--- Source information ---

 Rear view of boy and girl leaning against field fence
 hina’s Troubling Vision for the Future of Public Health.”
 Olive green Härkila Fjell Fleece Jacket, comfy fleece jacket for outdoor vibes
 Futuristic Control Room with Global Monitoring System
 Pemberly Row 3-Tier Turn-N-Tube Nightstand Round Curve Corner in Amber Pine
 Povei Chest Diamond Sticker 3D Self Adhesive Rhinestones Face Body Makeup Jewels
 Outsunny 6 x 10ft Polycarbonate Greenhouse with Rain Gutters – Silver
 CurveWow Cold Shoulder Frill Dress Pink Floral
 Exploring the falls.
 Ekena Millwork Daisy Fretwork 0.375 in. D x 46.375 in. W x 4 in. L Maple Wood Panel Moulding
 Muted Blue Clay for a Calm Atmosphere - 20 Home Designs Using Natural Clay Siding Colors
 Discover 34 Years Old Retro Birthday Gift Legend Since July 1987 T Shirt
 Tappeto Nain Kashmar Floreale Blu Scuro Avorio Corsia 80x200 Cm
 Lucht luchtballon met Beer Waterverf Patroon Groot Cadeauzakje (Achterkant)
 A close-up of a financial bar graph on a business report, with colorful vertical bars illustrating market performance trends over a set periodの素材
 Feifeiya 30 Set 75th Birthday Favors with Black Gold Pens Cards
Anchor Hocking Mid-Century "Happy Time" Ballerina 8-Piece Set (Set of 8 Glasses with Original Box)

---

[Task description]:
Give every entry back exactly as it was written above.

[Result for this exercise]:
 Rear view of boy and girl leaning against field fence
 hina’s Troubling Vision for the Future of Public Health.”
 Olive green Härkila Fjell Fleece Jacket, comfy fleece jacket for outdoor vibes
 Futuristic Control Room with Global Monitoring System
 Pemberly Row 3-Tier Turn-N-Tube Nightstand Round Curve Corner in Amber Pine
 Povei Chest Diamond Sticker 3D Self Adhesive Rhinestones Face Body Makeup Jewels
 Outsunny 6 x 10ft Polycarbonate Greenhouse with Rain Gutters – Silver
 CurveWow Cold Shoulder Frill Dress Pink Floral
 Exploring the falls.
 Ekena Millwork Daisy Fretwork 0.375 in. D x 46.375 in. W x 4 in. L Maple Wood Panel Moulding
 Muted Blue Clay for a Calm Atmosphere - 20 Home Designs Using Natural Clay Siding Colors
 Discover 34 Years Old Retro Birthday Gift Legend Since July 1987 T Shirt
 Tappeto Nain Kashmar Floreale Blu Scuro Avorio Corsia 80x200 Cm
 Lucht luchtballon met Beer Waterverf Patroon Groot Cadeauzakje (Achterkant)
 A close-up of a financial bar graph on a business report, with colorful vertical bars illustrating market performance trends over a set periodの素材
 Feifeiya 30 Set 75th Birthday Favors with Black Gold Pens Cards
Anchor Hocking Mid-Century "Happy Time" Ballerina 8-Piece Set (Set of 8 Glasses with Original Box)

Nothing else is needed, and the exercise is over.